Discovery of Rubidium, Cadmium, and Germanium Emission Lines in the Near-Infrared Spectra of Planetary Nebulae

TL;DR

This study reports the first identification of rubidium, cadmium, and germanium emission lines in the near-infrared spectra of planetary nebulae, providing insights into s-process nucleosynthesis during stellar evolution.

Contribution

It presents new near-infrared emission line identifications for Rb, Cd, and Ge in planetary nebulae and derives their abundances, testing stellar nucleosynthesis models.

Findings

Rb and Cd are 2-4 times solar in the nebulae.

Ge abundance is subsolar but uncertain due to ionization correction.

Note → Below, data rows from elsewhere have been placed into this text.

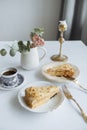 Two pieces of cake on white plates golden forks a vase with a flower and coffee and a golden candlestick on a white table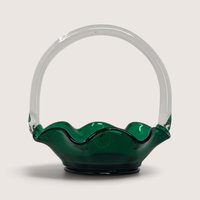 A vintage green art glass basket with a ruffled crimped rim and an applied clear glass handle.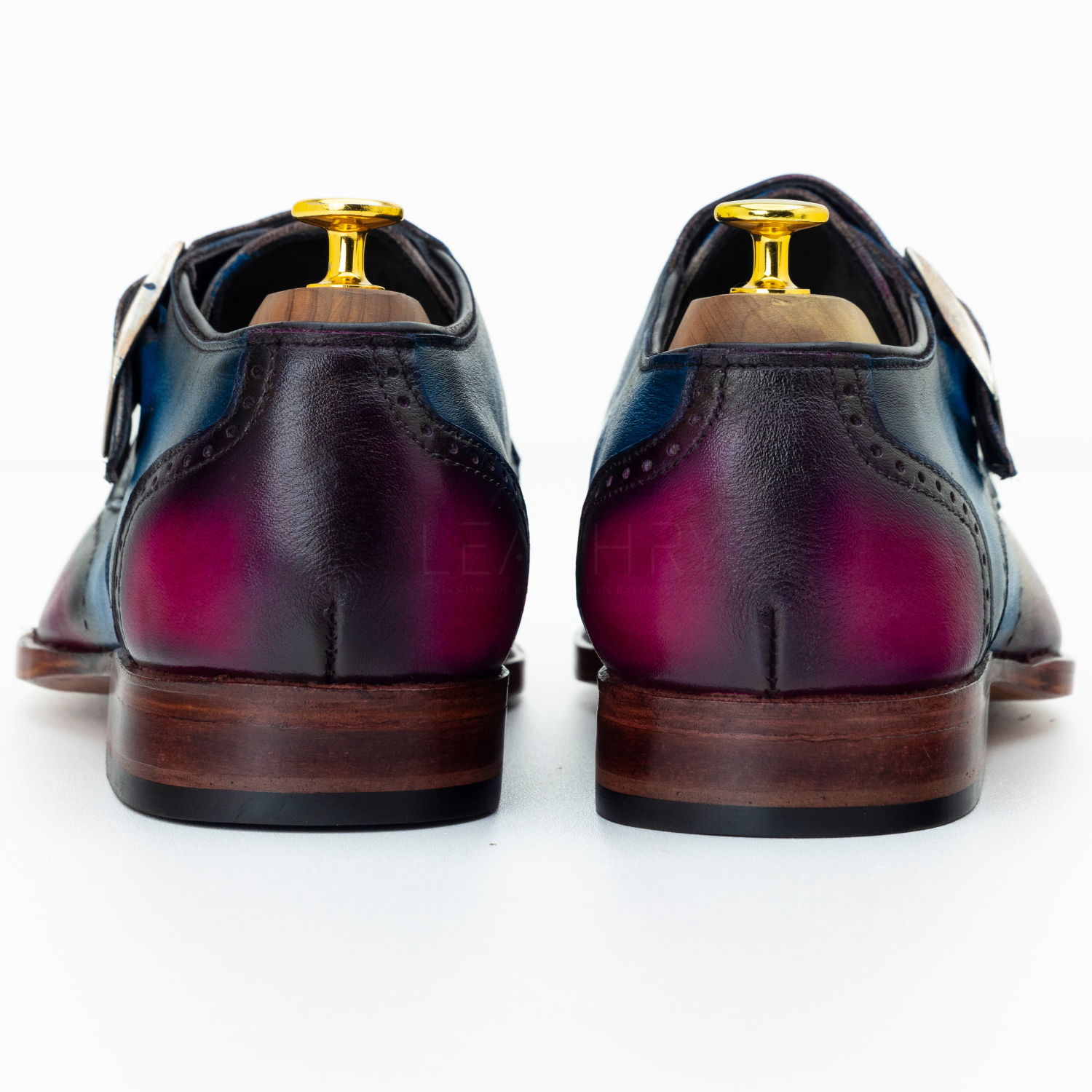Pair of polished leather shoes with a gradient color on a white background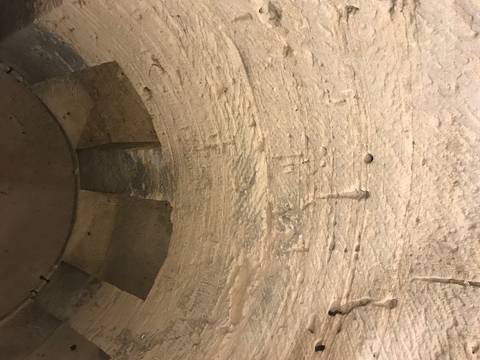       Interior view of a stone structure with a circular opening.
  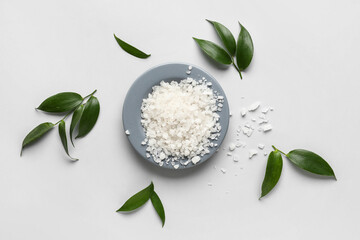 Bowl of sea salt and plant leaves on white background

The measured s-process enrichments align with stellar evolution models.

Abstract

We identify [Rb IV] 1.5973 and [Cd IV] 1.7204 micron emission lines in high-resolution (R=40,000) near-infrared spectra of the planetary nebulae (PNe) NGC 7027 and IC 5117, obtained with the IGRINS spectrometer on the 2.7-m telescope at McDonald Observatory. We also identify [Ge VI] 2.1930 $\mu$m in NGC 7027. Alternate identifications for these features are ruled out based on the absence of other multiplet members and/or transitions with the same upper levels. Ge, Rb, and Cd can be enriched in PNe by s-process nucleosynthesis during the asymptotic giant branch (AGB) stage of evolution. To determine ionic abundances, we calculate [Rb IV] collision strengths and use approximations for those of [Cd IV] and [Ge VI]. Our identification of [Rb IV] 1.5973 $\mu$m is supported by the agreement between Rb3+/H+ abundances found from this line and the 5759.55 A feature in NGC 7027. Elemental Rb, Cd, and Ge abundances are derived with ionization corrections based on similarities in ionization potential ranges between the detected ions and O and Ne ionization states. Our analysis indicates abundances 2-4 times solar for Rb and Cd in both nebulae. Ge is subsolar in NGC 7027, but its abundance is uncertain due to the large and uncertain ionization correction. The general consistency of the measured relative s-process enrichments with predictions from models appropriate for these PNe (2.0-2.5 M_sun, [Fe/H]= -0.37) demonstrates the potential of using PN compositions to test s-process nucleosynthesis models.